# **Data Collection**
### Here below is the first step of our projet, the code for our data collection. We've decided to scrap Wikipedia and Feedspots.

##### We'll start by listing all our import functions

In [None]:
import requests
from bs4 import BeautifulSoup
from urllib.parse import urljoin
from urllib.parse import urlparse
import time
import random
import csv
import pandas as pd
import re
import nltk
from nltk.corpus import stopwords
import string
#nltk.download('punkt_tab') #: to uncomment if not already downloaded
#nltk.download('stopwords') #: to uncomment if not already downloaded

#### Below is a list of useful fonctions that will be used during the data collection.

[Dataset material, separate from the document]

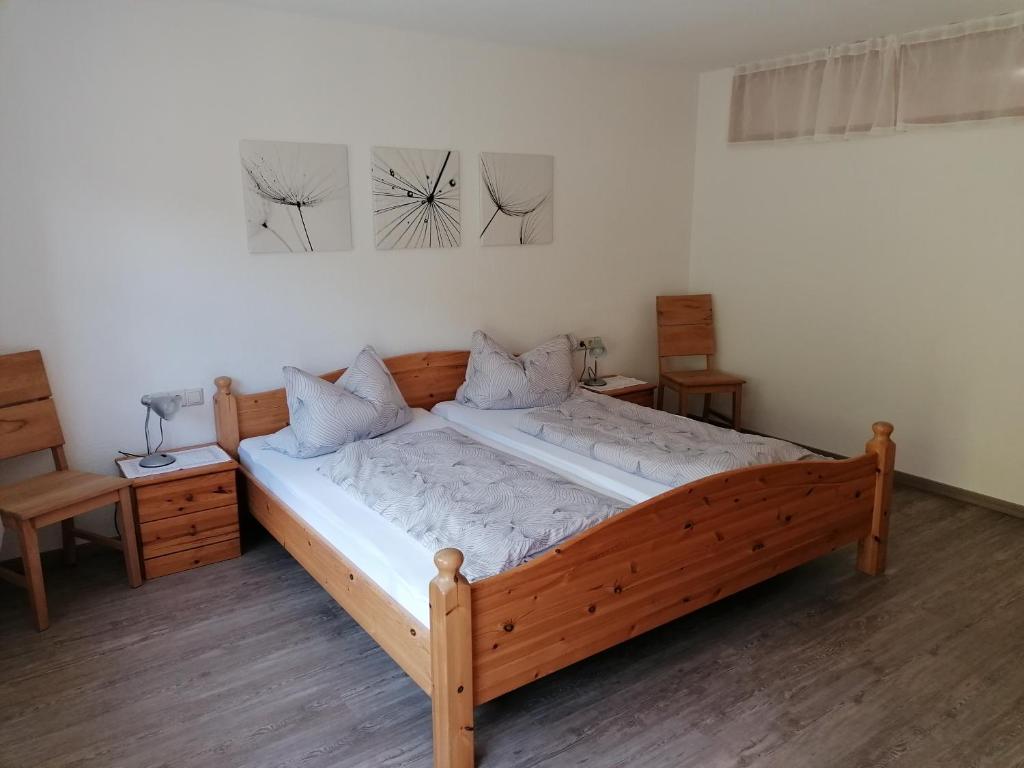 Achbergにある70m²- Ferienwohnung mit Terrasseの木製のベッドフレームが備わるドミトリールームのベッド1台分です。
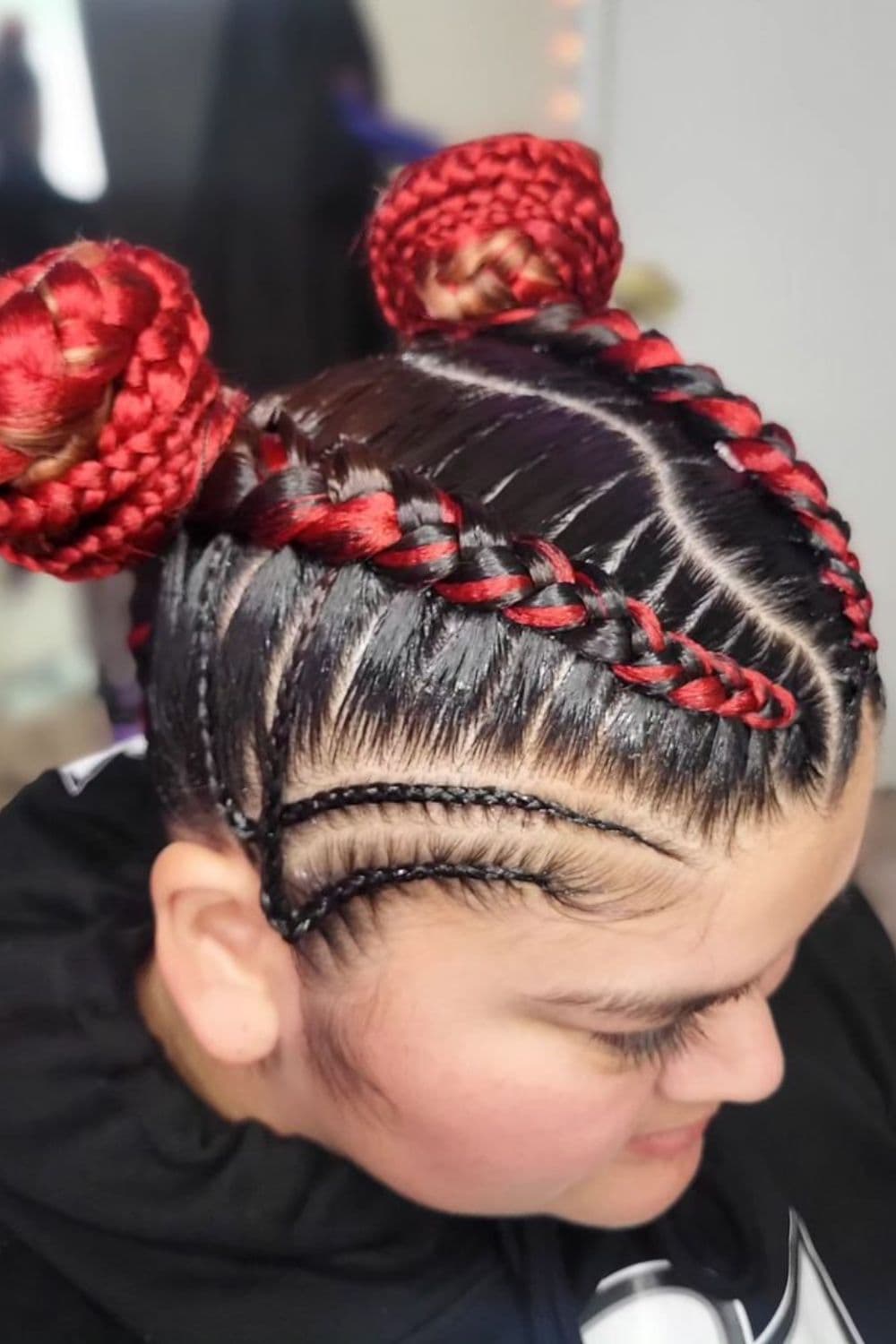 A woman with red and black space buns with cornrows.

##### The functions belows are used for the collect of links

In [None]:
def fetch_verify_url(url) :
    try:
        headers = {'User-Agent': 'Mozilla/5.0 (Macintosh; Intel Mac OS X 10_11_5) AppleWebKit/537.36 (KHTML, like Gecko) Chrome/50.0.2661.102 Safari/537.36'}  
        response = requests.get(url, headers=headers)
        if response.status_code != 200:  # If the status code is not OK (200) the function return none and an error message
            print(f"Failed to fetch the url: {url} with status code {response.status_code}")
            return None
        return response  
    except requests.RequestException:
        return None

This function is used to safely retrieve the HTML content of a web page. It sends an HTTP request to a given URL while mimicking a real web browser by specifying a User-Agent header, which helps avoid blocking by some websites. The function then checks whether the server responds with a successful status code (200). If the request fails, the page is inaccessible, or any network error occurs, the function returns None. Otherwise, it returns the raw HTTP response containing the page’s HTML content.

In [None]:
def to_soup(url):
    response = fetch_verify_url(url)
    if response:  # If the response is not none, the function return the beautiful soup object
        return BeautifulSoup(response.text, 'html.parser') 
    else:
        return None

This function converts the HTML content of a web page into a structured object that can be easily analyzed. It first calls the fetch_verify_url function to retrieve the web page’s HTML content. If the request is successful, the HTML is parsed using BeautifulSoup with the built-in HTML parser, producing a navigable representation of the page. If the page cannot be retrieved, the function returns None.

In [None]:
def filter_links(links, required_keywords=None, domain=None, already_seen=None):
    if required_keywords is None:  # If no list of required keywords is given then we create an empty one
        required_keywords = []
    if already_seen is None:  # If no list of already seen links is given then we create an empty one
        already_seen = set()
    
    filtered = []
    for l in links:
        l_lower = l.lower()  # Transformation of capital letter into lower case letter
        if required_keywords and not any(keyword.lower() in l_lower for keyword in required_keywords):  # The function skip the url if no required keywords are in the url
            continue
        if domain and urlparse(l).netloc != domain:  # The function filter the links that are not in the domain
            continue
        if l in already_seen:  # The function filter the links already in the list of links
            continue
        filtered.append(l) # If the url past all the filter, it is added to the list of links
    return filtered

This function filters a list of URLs in order to keep only the most relevant web pages. It removes links that doesn't contain predefined required keywords. The function can also restrict the results to a specific domain, allowing only internal links to be kept. Additionally, it eliminates URLs that have already been encountered, preventing duplicates during the crawling process.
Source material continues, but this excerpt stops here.